- Born: Tomoyuki U Tanaka 1962 (age 63–64) Japan
- Education: University of Tokyo
- Known for: The study of chromosome segregation in mitosis
- Scientific career
- Fields: Cell and molecular biology
- Workplaces: University of Dundee
- Website: www.lifesci.dundee.ac.uk/people/tomo-tanaka

= Tomo Tanaka =

British life sciences research scientist (born 1962)

Tomo Tanaka FRSE, born in Japan in 1962, is a professor and research scientist based in the Cell and Molecular Biology unit of the School of Life Sciences at the University of Dundee, as well as being a Wellcome Trust Principal Research Fellow.

His research group has been studying the mechanisms of chromosome segregation in mitosis, chromosome organisation in the nucleus, and how abnormalities in these processes lead to diseases.

== Early life and career ==
He graduated in 1987 from the University of Tokyo with Medical degree and continued his studies at the same institution with a Ph.D. in Medical sciences in 1995.

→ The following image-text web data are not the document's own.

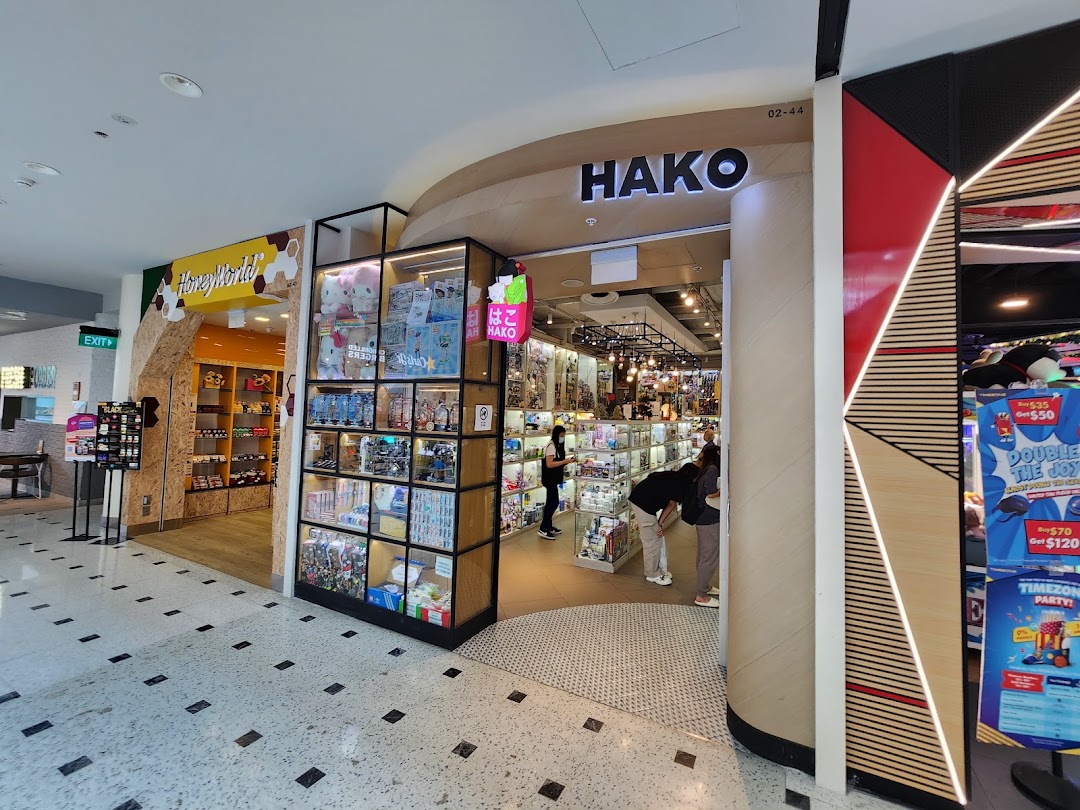The inviting entrance of Hako, a shop filled with collectibles and unique items, featuring display cases.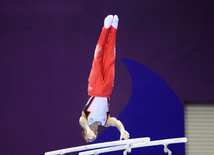 Azərbaycan gimnastı Oleq Stepko Avropa Oyunlarında paralel qollarda hərəkətlərdə qızıl medal qazandı. Bakı, Azərbaycan, 20 iyun 2015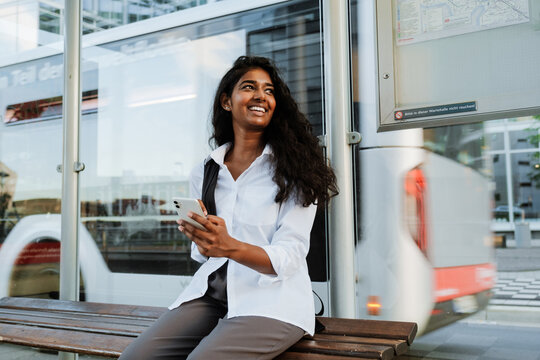 Young woman with backpack using cellphone while sitting at station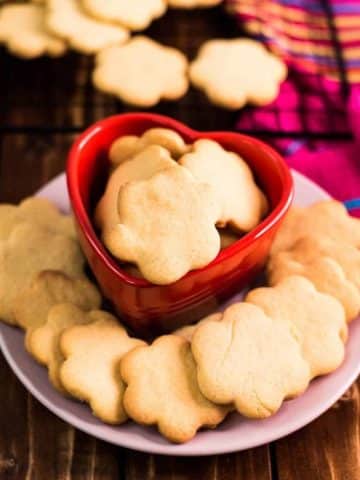 Delicious sugar cookies, placed on pretty plates on dark wooden background.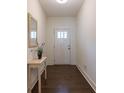 View of the entryway with dark floors, white walls, and decorative furniture at 5316 Radford Loop, Fairburn, GA 30213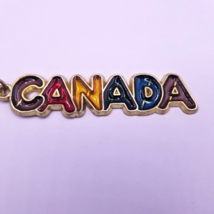 Canada Bubble Keychain Rainbow Bright Colors Metal 1980s - $12.30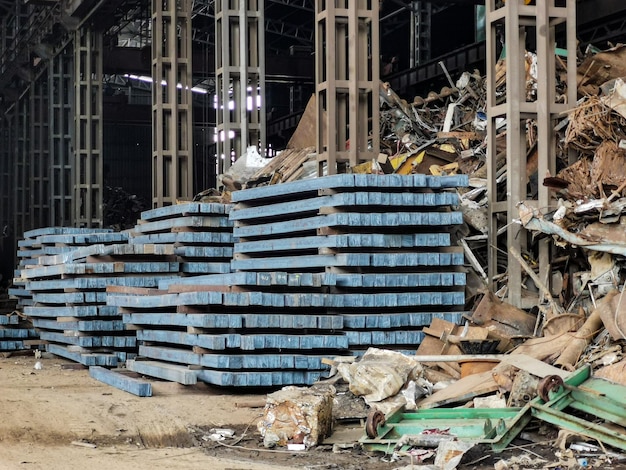 Photo selective focus image with noise effect steel billets in the steel plant warehouse.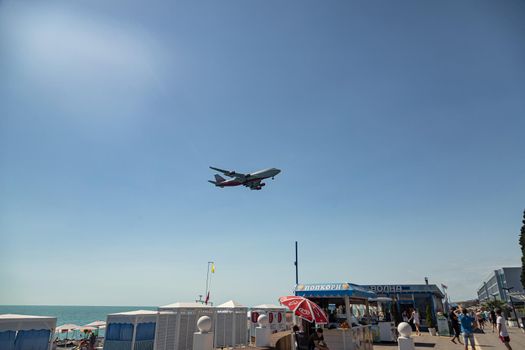 Boeing 747 of Rossiya Airlines lands at Adler Airport from the sea, above the beach with tourists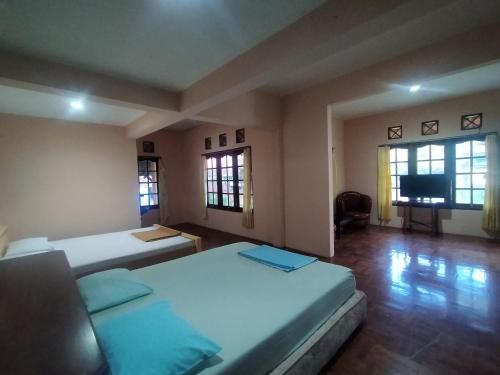 a room with two beds and a flat screen tv at Villa Batu Tua Puncak Mitra RedDoorz in Bogor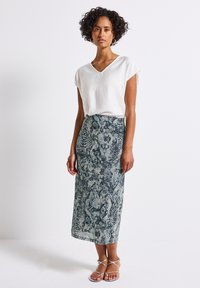 White V-neck top paired with a textured, mid-length skirt featuring a blue and green snake print pattern. Silver strappy sandals complete the look.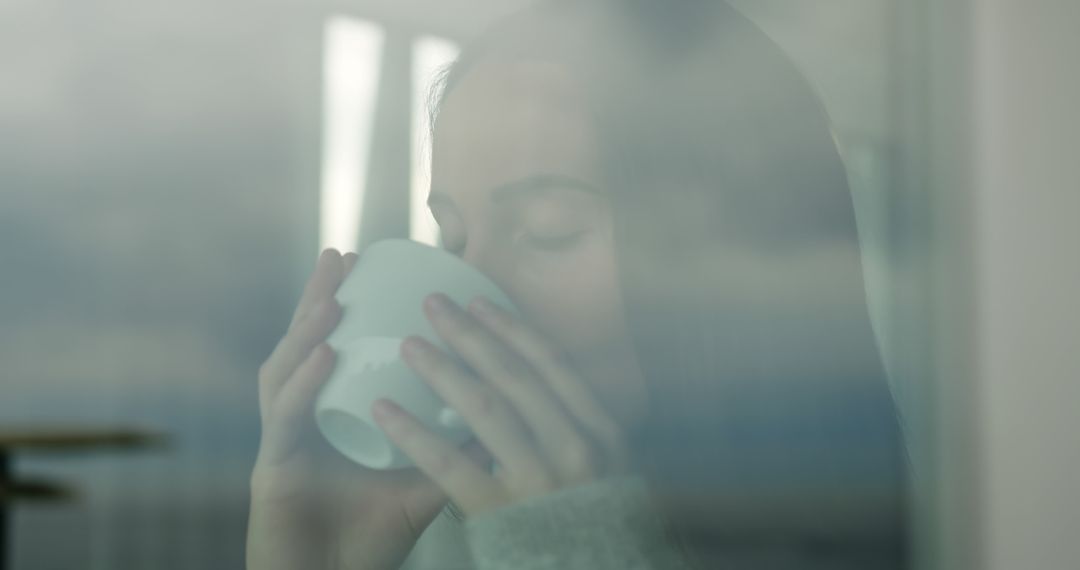 Reflective Young Woman Enjoying Hot Beverage by Window - Free Images, Stock Photos and Pictures on Pikwizard.com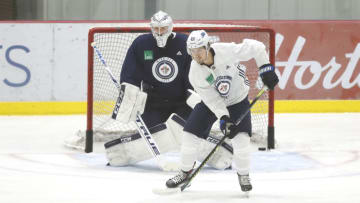 Winnipeg Jets, Mark Scheifele (55), Connor Hellebuyck (37). Mandatory Credit: James Carey Lauder-USA TODAY Sports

He worked as a Research Fellow and Medical Staff at the University of Tokyo from 1987 to 1996. He started his postdoctoral research at the Research Institute of Molecular Pathology in Vienna in 1996 and became Staff Scientist in 1999. In 2001, he became a lecturer and Principal Investigator at the University of Dundee. He was promoted as Professor of Cell and Molecular Biology in 2007.